Task description :: Among the records that follow, find the line with "Alt view image" and the line with "Engaging Tank Coloring". Set down those lines and all lines between them exactly, without adding anything.

Data records ::
════════════════════
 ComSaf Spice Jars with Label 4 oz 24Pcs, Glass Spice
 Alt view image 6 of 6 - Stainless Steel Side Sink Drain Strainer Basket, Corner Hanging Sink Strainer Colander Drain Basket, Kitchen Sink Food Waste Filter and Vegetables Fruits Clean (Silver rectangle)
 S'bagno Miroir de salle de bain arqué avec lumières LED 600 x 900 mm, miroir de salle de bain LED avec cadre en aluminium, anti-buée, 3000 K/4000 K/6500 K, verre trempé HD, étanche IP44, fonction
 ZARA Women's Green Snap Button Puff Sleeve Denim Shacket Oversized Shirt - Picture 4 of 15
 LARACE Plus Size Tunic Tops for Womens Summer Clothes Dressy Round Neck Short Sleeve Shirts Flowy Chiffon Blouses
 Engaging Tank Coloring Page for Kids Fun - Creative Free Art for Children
════════════════════
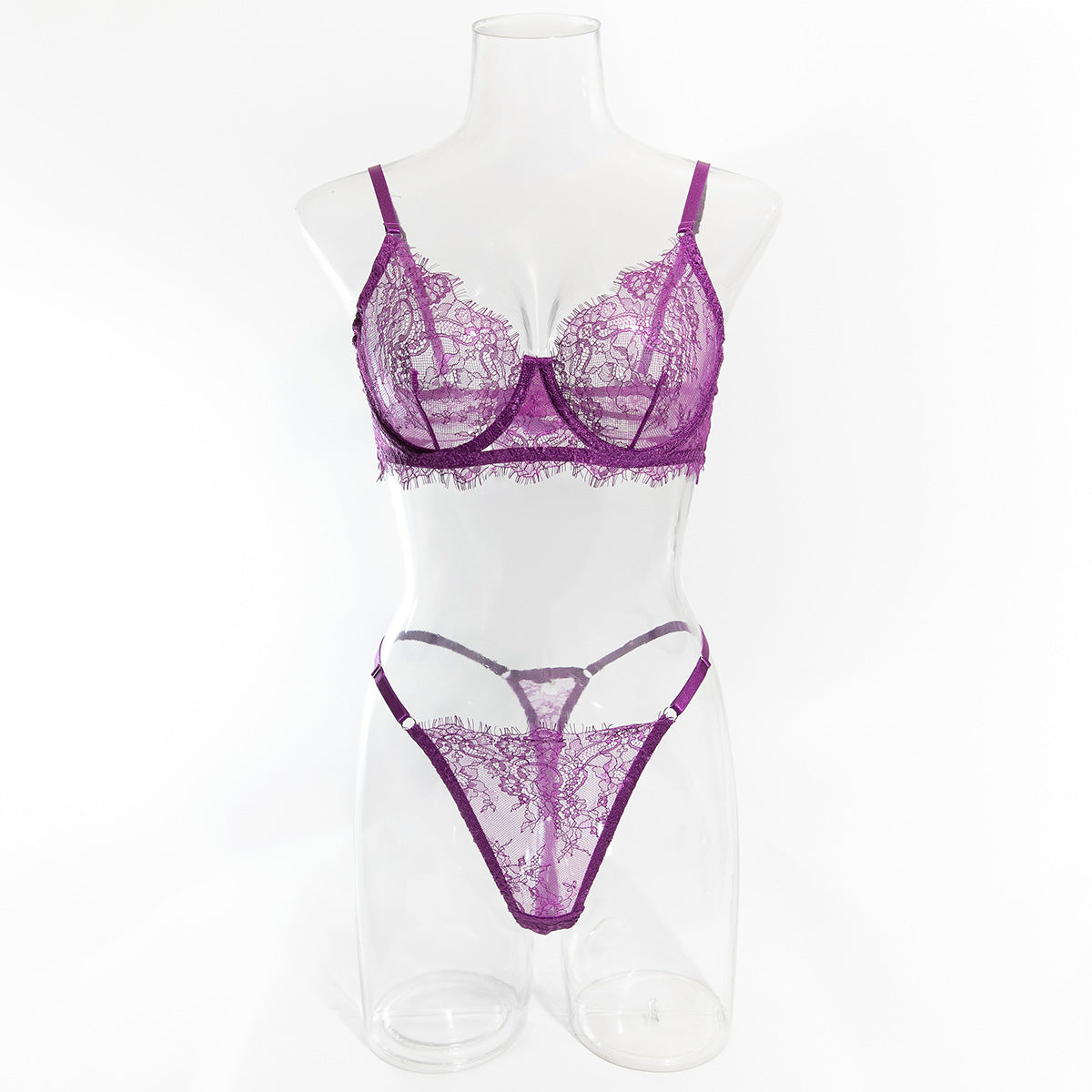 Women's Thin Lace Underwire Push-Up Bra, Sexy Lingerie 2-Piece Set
════════════════════
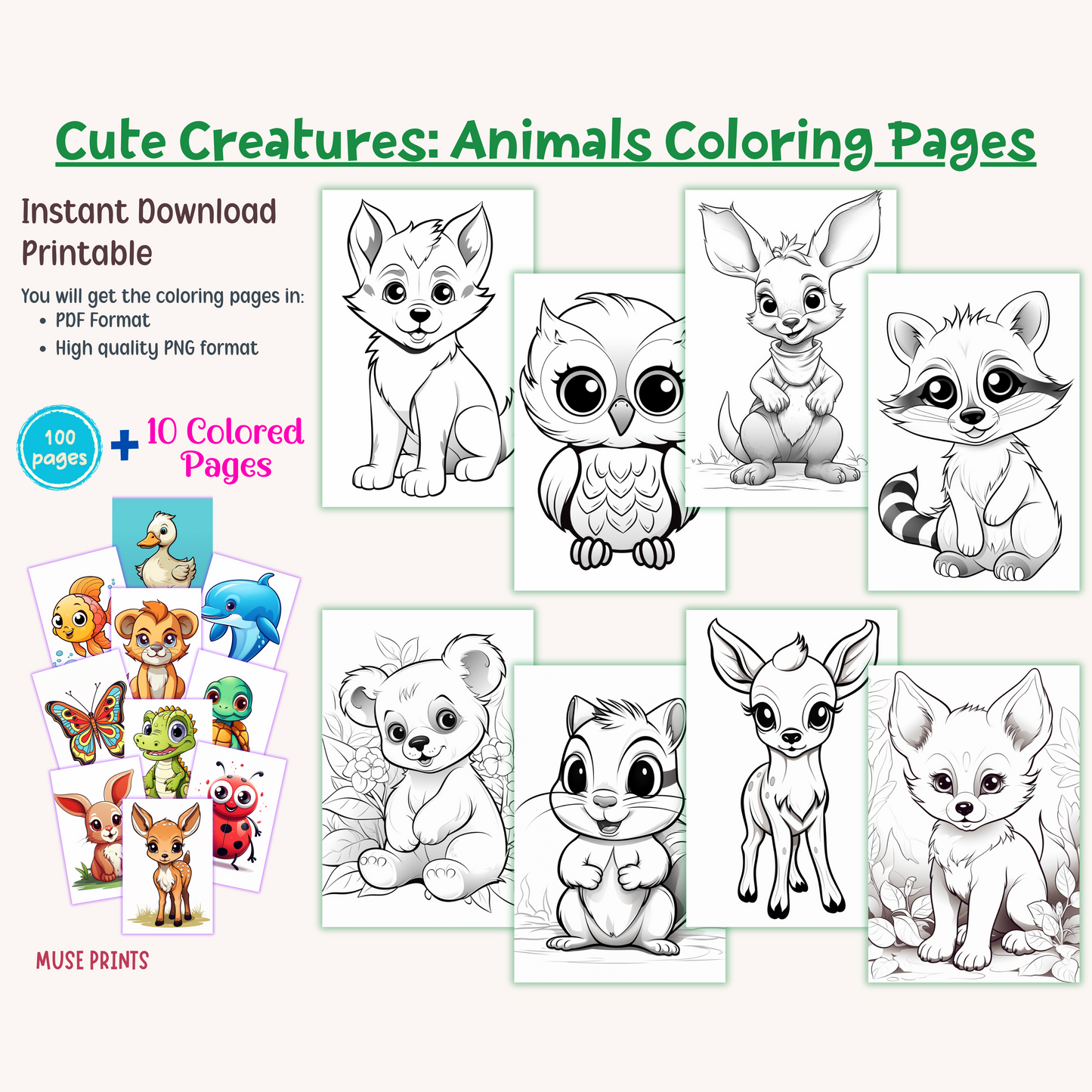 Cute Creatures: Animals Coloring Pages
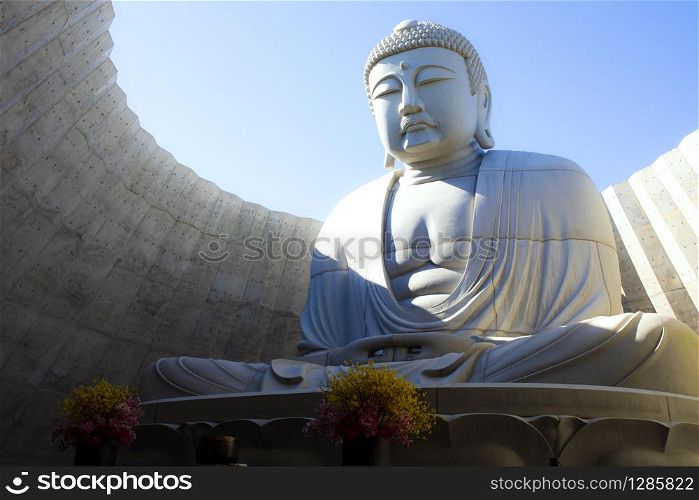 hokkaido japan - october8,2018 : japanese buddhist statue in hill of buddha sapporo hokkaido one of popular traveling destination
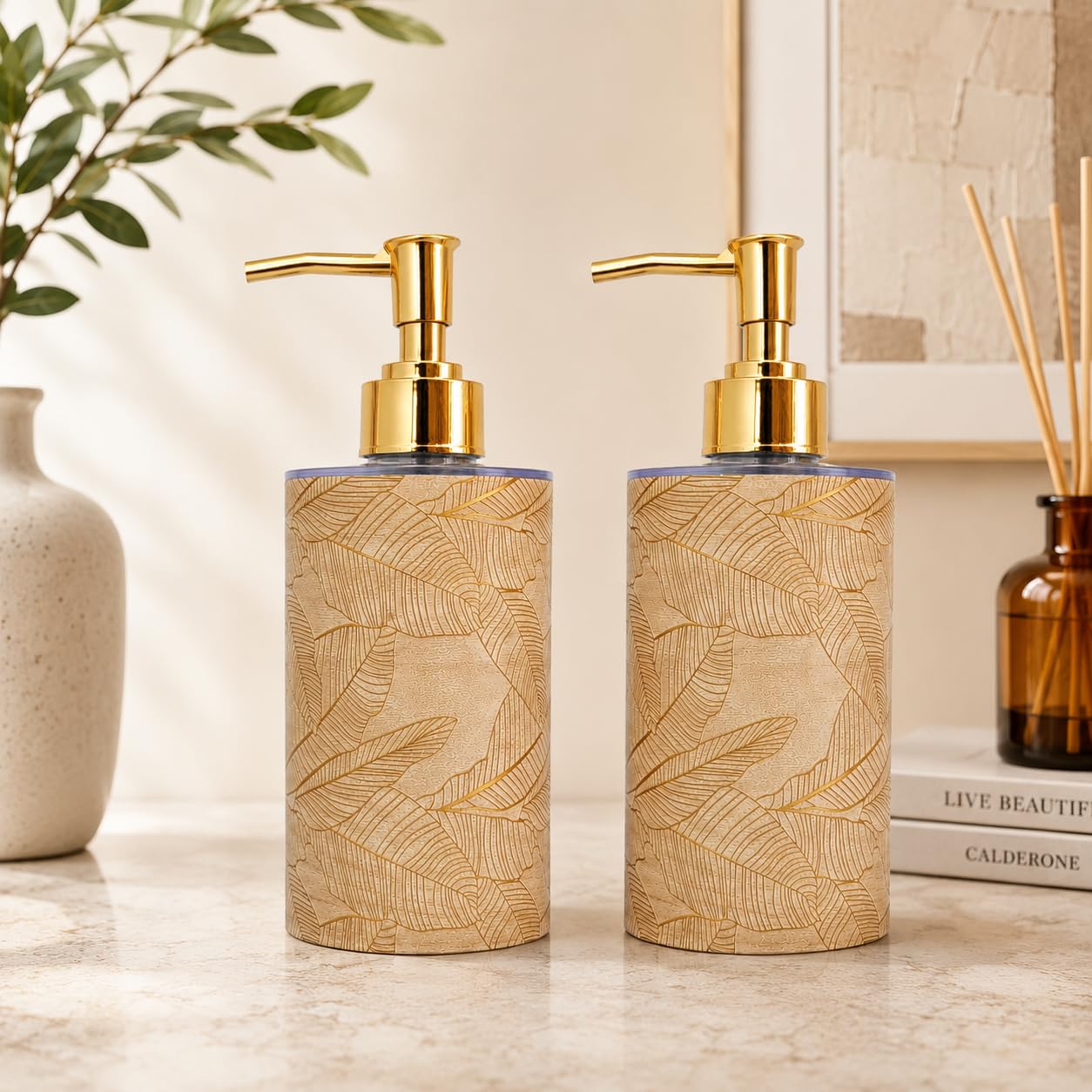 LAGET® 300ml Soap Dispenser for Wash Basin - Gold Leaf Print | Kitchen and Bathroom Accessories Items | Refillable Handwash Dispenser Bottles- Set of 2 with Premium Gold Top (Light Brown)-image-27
════════════════════
Reply ::
 Alt view image 6 of 6 - Stainless Steel Side Sink Drain Strainer Basket, Corner Hanging Sink Strainer Colander Drain Basket, Kitchen Sink Food Waste Filter and Vegetables Fruits Clean (Silver rectangle)
 S'bagno Miroir de salle de bain arqué avec lumières LED 600 x 900 mm, miroir de salle de bain LED avec cadre en aluminium, anti-buée, 3000 K/4000 K/6500 K, verre trempé HD, étanche IP44, fonction
 ZARA Women's Green Snap Button Puff Sleeve Denim Shacket Oversized Shirt - Picture 4 of 15
 LARACE Plus Size Tunic Tops for Womens Summer Clothes Dressy Round Neck Short Sleeve Shirts Flowy Chiffon Blouses
 Engaging Tank Coloring Page for Kids Fun - Creative Free Art for Children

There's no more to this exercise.